(Stored dataset items)

*****

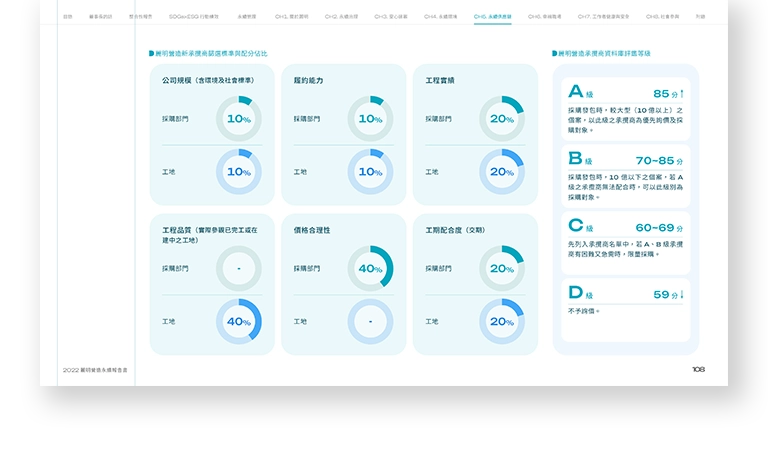 麗明營造 2022 ESG 永續報告書 美編排版設計 手機版(11) 麗明營造 2022 ESG 永續報告書 美編排版設計 手機版(11)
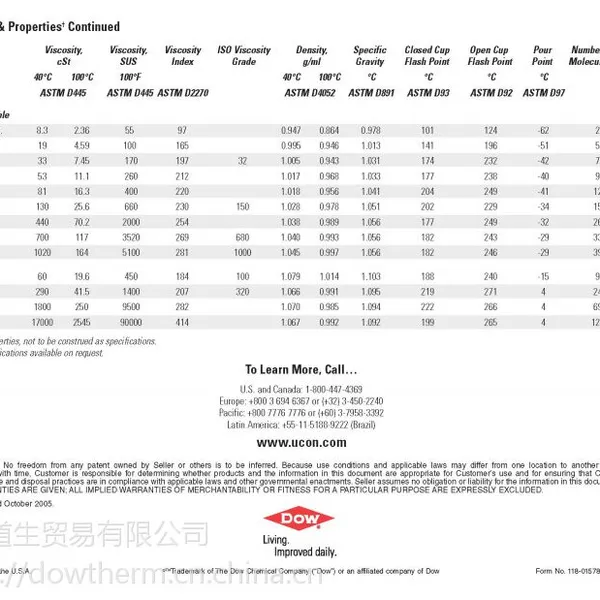 美国陶氏 DOW 原装UCON 50-HB-660 导热油 润滑油 压缩机 热传递流体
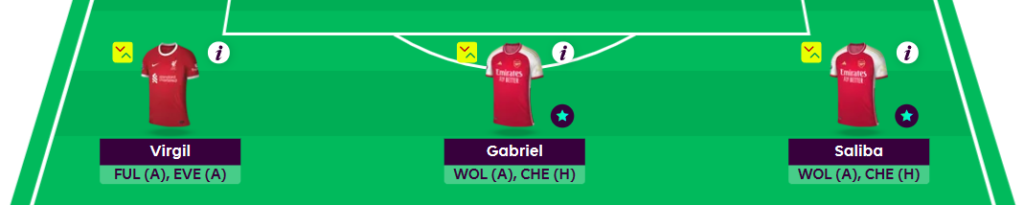 FPL GW34 Scout Picks - Defenders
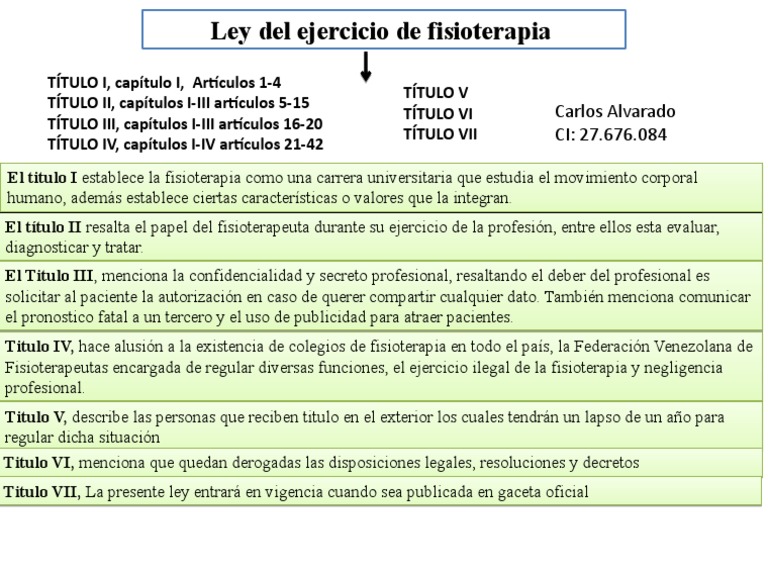 Ley de Fisioterapia | PDF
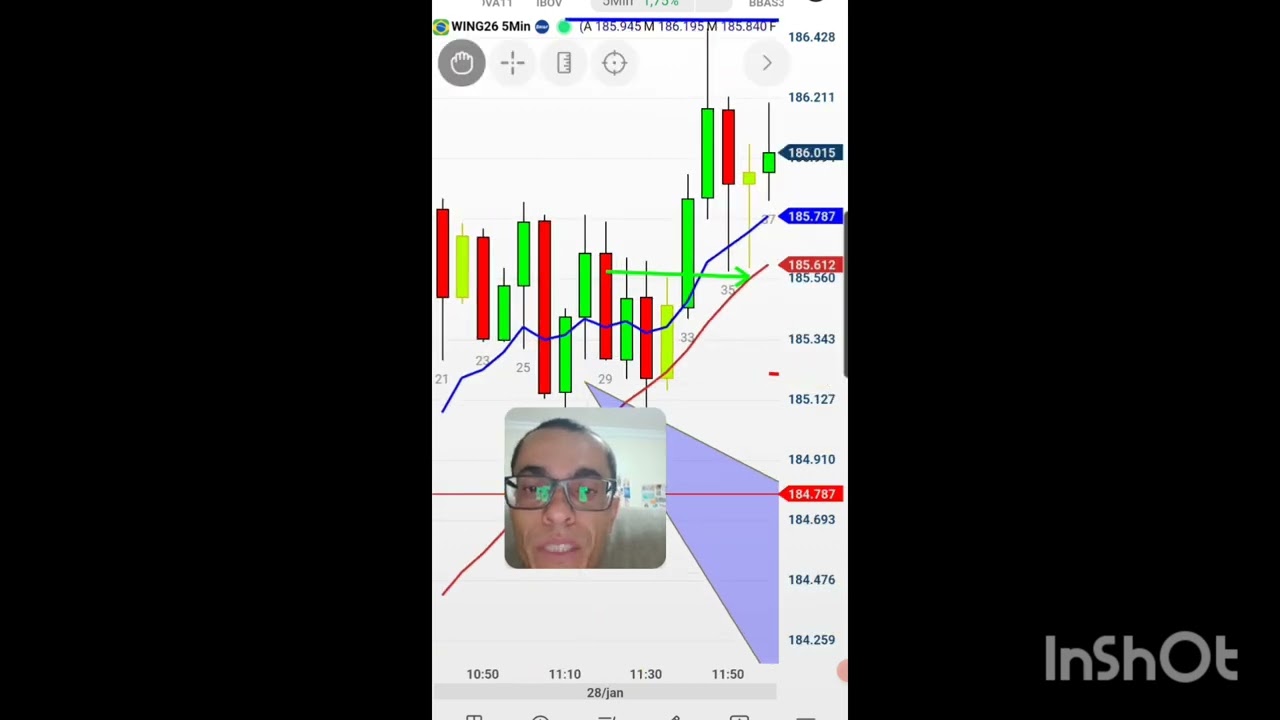 28/01/2026 Estudo de mercado MINI ÍNDICE  setup 9.3 parte 2 complemento observações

*****

*WORK REQUIRED*
Output the entries exactly as they appear, with no pictures included.

*ANSWER TO THE EXERCISE*
 麗明營造 2022 ESG 永續報告書 美編排版設計 手機版(11) 麗明營造 2022 ESG 永續報告書 美編排版設計 手機版(11)
 美国陶氏 DOW 原装UCON 50-HB-660 导热油 润滑油 压缩机 热传递流体
 FPL GW34 Scout Picks - Defenders
 Ley de Fisioterapia | PDF
 28/01/2026 Estudo de mercado MINI ÍNDICE  setup 9.3 parte 2 complemento observações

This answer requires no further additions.